Although the incidence of AKI in the experimental group (8 patients; 38.09%) was more than that in the control group (6 patients; 25%), the difference was not statistically significant (P = 0.344; OR: 1.524, 95% CI: 0.631–3.680). Of note, most cases of AKI in both groups were Stage 1, including six patients (75% of AKI cases) in the experimental group versus five patients (83.30% of AKI cases) in the control group, followed by one case of Stage 2 in each group (12.5% vs. 16.7%, respectively) and one case of Stage 3 (12.5%) only in the experimental group. However, there was no significant difference in the distribution of AKI stages between the two groups (P = 0.663).
DISCUSSION
This study evaluated the effectiveness of the colistin/rifampin combination compared to the colistin/meropenem combination in treating VAP caused by CRAB in 45 patients.
The clinical response of the patients indicated that in the colistin/rifampin group, a higher percentage of patients had a complete response. Furthermore, the treatment failure rate was higher in the colistin/meropenem group. Although the colistin/rifampin regimen may have been superior, these differences were not statistically significant. Therefore, according to the results of this study, the effectiveness of these two regimens in the clinical improvement of VAP caused by CRAB is the same. However, there was a trend toward the better efficacy of the colistin/rifampin regimen.
The mortality rate of patients in the experimental and control groups was similar, indicating that these two regimens were equally effective.
Few similar studies have evaluated the combination of colistin and rifampin in treating VAP. In a study conducted in 2018 by Park et al ., the combination of colistin/rifampin was effective in the treatment of VAP caused by CRAB so that microbiological response (MR) in the combination group was 100% in comparison to 40% in the group that received colistin alone. Only nine patients participated in this study, and the number of patients was very few.[15] In another study conducted in 2012 by Aydemir et al ., although the combination of colistin/rifampin vs. colistin alone improved clinical, laboratory, radiological, and MR rates in VAP patients caused by CRAB, none of these differences were statistically significant. It should be noted that compared to our study, the mortality rate in this study was much higher (38.1% in the experimental group and 63.6% in the control group).[16] In the study by Bassetti et al ., the combination of colistin and rifampicin appeared to be an effective and safe combination therapy for severe infections due to MDR A. baumannii . Only 29 patients participated in this study, and the mortality rate was 21% (6 patients), which was higher than that in our research, and the clinical response rate was 76%, almost the same as our results.[23]
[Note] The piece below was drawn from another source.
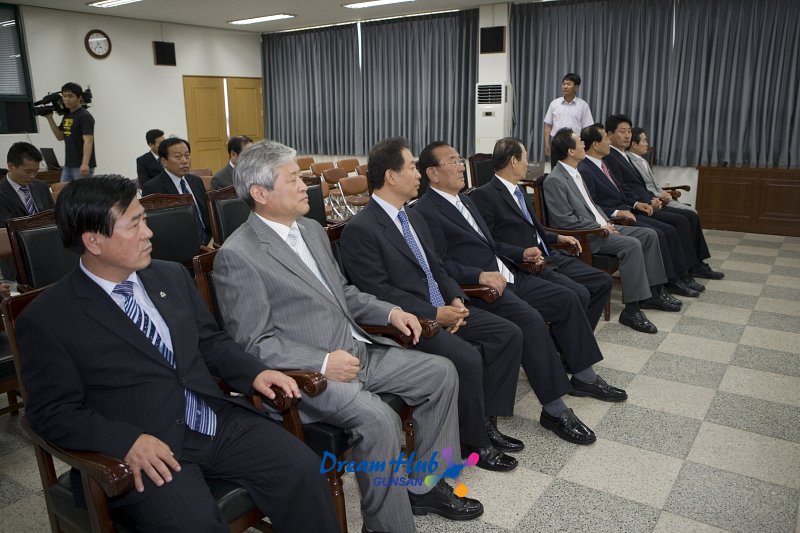 시장군수협의회에 참석하신 의원님들과 문동신 시장님1
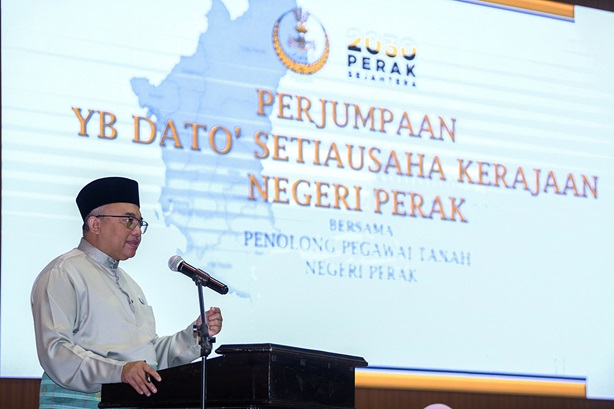 Sesi Perjumpaan YB SUK Bersama Penolong Pegawai Tanah Negeri Perak : 15 Disember 2023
Several laboratory and clinical studies have shown the synergistic effect of colistin and rifampin on resistant Gram-negative pathogens.[15,16] A possible mechanism for this synergistic effect is that colistin degrades the outer membrane of the bacteria, facilitating the penetration of rifampin into the bacteria. Rifampin is hydrophobic and typically cannot penetrate Gram-negative bacteria.[24]
The current study evaluated several parameters, including CRP, SOFA, CPIS, and PCT, as secondary outcome values.
The SOFA score does not help determine the type of treatment and evaluation of the treatment outcomes. This score only helps identify patients who have a high risk of death due to infection. This index was determined to ensure that the patients in the two groups had the same mortality risk. As shown, SOFA scores were statistically equal between the two groups at the beginning of the study, suggesting that the patients in the two groups were similar in terms of organ involvement and critical condition severity at baseline. Although the SOFA score in the experimental group showed a decreasing trend during the study, these changes were insignificant. Furthermore, in none of the evaluated times, there was no significant difference between the two groups in terms of the SOFA. However, the results showed the tendency of the colistin/rifampin regimen to reduce this index, which indicates a reduction in organ failure during the intervention. In contrast, this index showed an almost unchanged trend in the colistin/meropenem group.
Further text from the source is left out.